BRIEF = From the material below, copy each line that holds the word "Infinity".

━━━ DATA UNDER STUDY

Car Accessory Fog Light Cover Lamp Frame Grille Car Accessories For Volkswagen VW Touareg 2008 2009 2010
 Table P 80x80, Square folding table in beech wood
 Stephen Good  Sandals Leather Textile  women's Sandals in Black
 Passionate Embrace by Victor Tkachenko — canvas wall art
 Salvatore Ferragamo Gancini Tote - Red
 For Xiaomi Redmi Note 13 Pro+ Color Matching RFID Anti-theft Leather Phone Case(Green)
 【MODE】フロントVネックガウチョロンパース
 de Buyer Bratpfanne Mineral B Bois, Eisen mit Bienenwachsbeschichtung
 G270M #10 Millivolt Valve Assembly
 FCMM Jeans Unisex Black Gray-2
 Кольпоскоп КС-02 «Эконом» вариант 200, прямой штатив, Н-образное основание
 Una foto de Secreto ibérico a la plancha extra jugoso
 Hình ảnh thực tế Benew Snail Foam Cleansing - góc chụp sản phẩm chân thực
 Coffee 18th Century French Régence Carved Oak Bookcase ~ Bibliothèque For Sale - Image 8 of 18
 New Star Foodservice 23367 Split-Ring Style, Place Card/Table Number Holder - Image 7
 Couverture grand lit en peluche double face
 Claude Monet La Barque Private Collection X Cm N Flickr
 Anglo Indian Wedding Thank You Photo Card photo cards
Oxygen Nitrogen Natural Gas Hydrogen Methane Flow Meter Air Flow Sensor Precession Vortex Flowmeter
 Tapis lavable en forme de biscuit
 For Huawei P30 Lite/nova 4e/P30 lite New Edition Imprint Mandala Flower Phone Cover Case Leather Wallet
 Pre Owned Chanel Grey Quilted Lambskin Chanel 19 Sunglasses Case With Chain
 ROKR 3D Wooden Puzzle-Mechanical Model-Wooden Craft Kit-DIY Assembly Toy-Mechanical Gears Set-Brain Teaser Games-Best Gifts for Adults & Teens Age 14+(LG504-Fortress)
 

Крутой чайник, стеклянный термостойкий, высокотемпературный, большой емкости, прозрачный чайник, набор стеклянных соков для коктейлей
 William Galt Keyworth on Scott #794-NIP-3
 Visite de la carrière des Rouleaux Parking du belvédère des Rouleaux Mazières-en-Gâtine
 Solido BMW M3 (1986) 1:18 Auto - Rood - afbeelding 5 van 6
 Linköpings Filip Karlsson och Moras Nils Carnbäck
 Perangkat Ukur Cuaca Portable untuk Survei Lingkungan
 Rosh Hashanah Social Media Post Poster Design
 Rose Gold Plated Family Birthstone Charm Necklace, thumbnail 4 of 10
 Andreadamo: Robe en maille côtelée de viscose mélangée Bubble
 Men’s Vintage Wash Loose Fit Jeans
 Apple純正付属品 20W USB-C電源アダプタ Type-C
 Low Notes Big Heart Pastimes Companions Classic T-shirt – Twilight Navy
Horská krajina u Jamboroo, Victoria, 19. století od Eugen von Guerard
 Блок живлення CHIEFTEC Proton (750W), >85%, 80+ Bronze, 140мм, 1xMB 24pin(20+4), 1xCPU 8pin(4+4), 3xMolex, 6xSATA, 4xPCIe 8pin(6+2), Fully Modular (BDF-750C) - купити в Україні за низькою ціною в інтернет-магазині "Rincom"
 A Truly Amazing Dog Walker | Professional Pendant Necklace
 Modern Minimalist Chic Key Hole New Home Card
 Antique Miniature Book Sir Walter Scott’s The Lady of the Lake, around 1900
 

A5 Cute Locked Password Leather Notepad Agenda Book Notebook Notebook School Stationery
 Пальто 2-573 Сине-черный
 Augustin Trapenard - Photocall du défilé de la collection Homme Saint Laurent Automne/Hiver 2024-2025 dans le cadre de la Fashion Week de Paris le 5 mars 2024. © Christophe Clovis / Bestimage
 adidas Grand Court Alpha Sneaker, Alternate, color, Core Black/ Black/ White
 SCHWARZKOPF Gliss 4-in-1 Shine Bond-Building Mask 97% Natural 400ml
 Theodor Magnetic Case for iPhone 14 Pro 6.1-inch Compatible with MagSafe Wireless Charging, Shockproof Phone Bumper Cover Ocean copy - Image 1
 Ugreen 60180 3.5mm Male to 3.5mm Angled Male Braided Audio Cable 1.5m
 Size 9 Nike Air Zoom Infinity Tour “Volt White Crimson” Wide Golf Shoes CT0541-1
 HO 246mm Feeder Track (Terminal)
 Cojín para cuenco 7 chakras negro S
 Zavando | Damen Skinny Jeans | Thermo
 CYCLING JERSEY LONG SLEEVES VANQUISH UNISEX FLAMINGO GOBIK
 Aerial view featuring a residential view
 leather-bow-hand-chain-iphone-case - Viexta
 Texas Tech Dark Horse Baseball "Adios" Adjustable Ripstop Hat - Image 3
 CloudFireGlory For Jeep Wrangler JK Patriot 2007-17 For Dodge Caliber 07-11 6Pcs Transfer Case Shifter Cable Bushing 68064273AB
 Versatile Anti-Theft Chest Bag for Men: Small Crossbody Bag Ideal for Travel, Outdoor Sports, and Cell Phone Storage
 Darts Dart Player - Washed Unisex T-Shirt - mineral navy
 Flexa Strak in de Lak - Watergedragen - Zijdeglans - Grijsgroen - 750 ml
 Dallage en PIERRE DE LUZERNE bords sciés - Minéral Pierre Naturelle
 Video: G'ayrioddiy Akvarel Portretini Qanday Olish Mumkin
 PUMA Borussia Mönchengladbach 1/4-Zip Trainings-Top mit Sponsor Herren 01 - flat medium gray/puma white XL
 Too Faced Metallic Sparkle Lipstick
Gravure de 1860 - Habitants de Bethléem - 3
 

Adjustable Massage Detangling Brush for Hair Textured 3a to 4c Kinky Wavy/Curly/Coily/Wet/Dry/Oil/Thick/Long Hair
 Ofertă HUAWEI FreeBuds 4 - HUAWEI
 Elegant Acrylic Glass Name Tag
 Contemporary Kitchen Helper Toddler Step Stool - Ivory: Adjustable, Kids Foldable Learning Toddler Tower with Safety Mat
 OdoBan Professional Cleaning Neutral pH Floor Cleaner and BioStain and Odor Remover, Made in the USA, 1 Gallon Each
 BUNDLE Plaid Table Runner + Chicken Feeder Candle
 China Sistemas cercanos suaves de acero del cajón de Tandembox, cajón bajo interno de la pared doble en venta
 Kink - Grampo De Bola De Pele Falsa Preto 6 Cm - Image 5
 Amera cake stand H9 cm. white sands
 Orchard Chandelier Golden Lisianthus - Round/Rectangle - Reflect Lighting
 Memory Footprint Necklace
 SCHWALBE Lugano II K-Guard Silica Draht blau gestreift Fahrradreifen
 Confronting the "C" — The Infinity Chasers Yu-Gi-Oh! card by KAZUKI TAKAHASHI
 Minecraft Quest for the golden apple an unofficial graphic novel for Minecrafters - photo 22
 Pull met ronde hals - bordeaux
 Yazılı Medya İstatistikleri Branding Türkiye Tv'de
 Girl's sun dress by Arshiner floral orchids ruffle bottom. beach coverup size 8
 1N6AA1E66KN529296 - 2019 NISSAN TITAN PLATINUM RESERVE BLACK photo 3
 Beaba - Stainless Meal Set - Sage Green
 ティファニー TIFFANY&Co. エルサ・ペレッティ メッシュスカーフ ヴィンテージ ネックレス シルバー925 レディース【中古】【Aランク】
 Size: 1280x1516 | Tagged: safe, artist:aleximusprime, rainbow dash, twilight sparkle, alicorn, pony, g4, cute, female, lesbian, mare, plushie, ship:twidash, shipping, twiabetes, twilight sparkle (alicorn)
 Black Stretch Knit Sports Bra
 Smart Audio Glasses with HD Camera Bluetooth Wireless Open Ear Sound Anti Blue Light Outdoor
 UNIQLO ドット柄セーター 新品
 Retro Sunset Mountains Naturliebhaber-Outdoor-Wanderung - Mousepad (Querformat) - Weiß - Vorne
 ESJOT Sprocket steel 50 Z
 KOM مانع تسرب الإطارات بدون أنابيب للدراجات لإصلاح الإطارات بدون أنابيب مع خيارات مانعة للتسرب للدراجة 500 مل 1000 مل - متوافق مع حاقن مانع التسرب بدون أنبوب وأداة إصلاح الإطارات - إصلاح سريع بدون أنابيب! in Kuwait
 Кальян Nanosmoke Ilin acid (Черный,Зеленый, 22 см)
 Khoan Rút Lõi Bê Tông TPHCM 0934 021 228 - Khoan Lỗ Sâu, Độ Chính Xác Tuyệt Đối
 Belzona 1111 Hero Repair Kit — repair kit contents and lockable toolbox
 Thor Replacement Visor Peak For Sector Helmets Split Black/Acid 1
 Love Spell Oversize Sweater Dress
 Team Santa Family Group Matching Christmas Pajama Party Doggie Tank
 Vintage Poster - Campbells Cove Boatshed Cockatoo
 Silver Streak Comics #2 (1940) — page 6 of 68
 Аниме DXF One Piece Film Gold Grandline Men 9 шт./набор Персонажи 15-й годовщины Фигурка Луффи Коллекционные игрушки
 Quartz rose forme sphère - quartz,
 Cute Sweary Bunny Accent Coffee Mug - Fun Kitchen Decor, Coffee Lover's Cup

━━━━━━

ANSWER SPACE =
 Size 9 Nike Air Zoom Infinity Tour “Volt White Crimson” Wide Golf Shoes CT0541-1
 Confronting the "C" — The Infinity Chasers Yu-Gi-Oh! card by KAZUKI TAKAHASHI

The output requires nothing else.